Le film du réalisateur
Sedigh Barmak (2003, prix de la Caméra d'or au festival de Cannes de 2004) se passe à Kaboul au temps des Talibans. L'héroïne est une fillette de 11 /12 ans, Osama, qui est contrainte de se déguiser en garçon pour travailler en échange d'un peu de nourriture pour elle, sa mère et sa grand-mère. Son père est mort lors de la guerre contre les russes ; sa mère, médecin, ne peut plus exercer son métier car les Talibans interdisent aux femmes de sortir de leur maison. Elles ne peuvent ni travailler, ni mendier.
Osama se laisse faire, mais dès qu'elle est dehors, elle est en proie à la terreur d'être dévoilée, car le voile qu'elle rejette dès qu'elle le peut quand elle est en habit de fille, ne la protège plus quand elle est en habit de garçon, mais il lui colle au corps par son absence même.
Je n'ai jamais vu de film pareil : le visage d'Osama, toute son attitude corporelle traduisent la peur qui vire à la terreur au moindre regard un peu insistant. Les dangers sont constants : voisin qui sait que sa mère n'a qu'une fille, garçons auxquels elle doit se mêler lors des périodes d'embrigadement des jeunes garçons organisées par les Talibans, policiers ou responsables politiques et religieux qui surveillent la population. Le contrôle brutal des faits et gestes de chacun dans une société totalitaire est bien montré. La résistance est faible, toute opposition punie de mort sur la place publique. D'une certaine manière, ce film est un documentaire de la vie sous la charia.
La jeune actrice, Marina Golbahari, était mendiante à Kaboul quand le réalisateur, revenu en Afghanistan après des années d'exil, l'a remarquée et choisie pour le rôle.

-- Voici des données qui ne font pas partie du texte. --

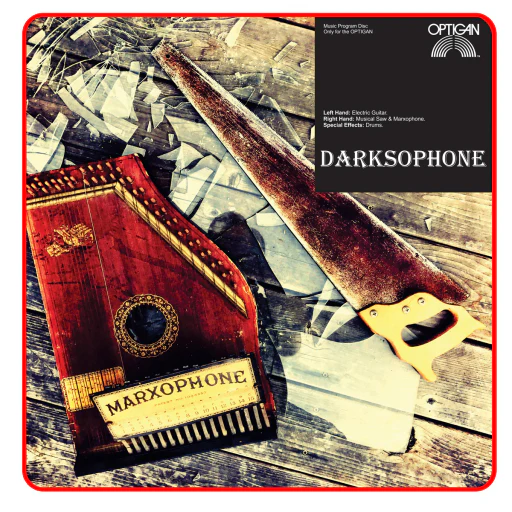 Darksophone - Optigan Disc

La fillette a grandi dans une société où la femme n'a pas le droit à l'espace extérieur, où sa seule place se trouve à l'intérieur des murs de la maison, enfermée sous de lourds verrous. Tout son corps a intégré cette interdiction. Il est fascinant d'observer comment le corps des femmes intègre les interdictions sociales, comment ces interdictions se traduisent dans les postures repliées pour tenir le moins de place, les regards baissés pour ne pas rencontrer le regard de l'autre, la démarche apeurée, la marche frôlant les murs. C'est le scénario corporel féminin dans ces contrées, ce que Berne appelait le protocole et qui est activé en situation de danger. Osama aurait besoin d'audace. Sa mère qui est une femme d'action, débrouillarde, essaie de la stimuler. En vain ! Elle reste une enfant obéissante et terrorisée.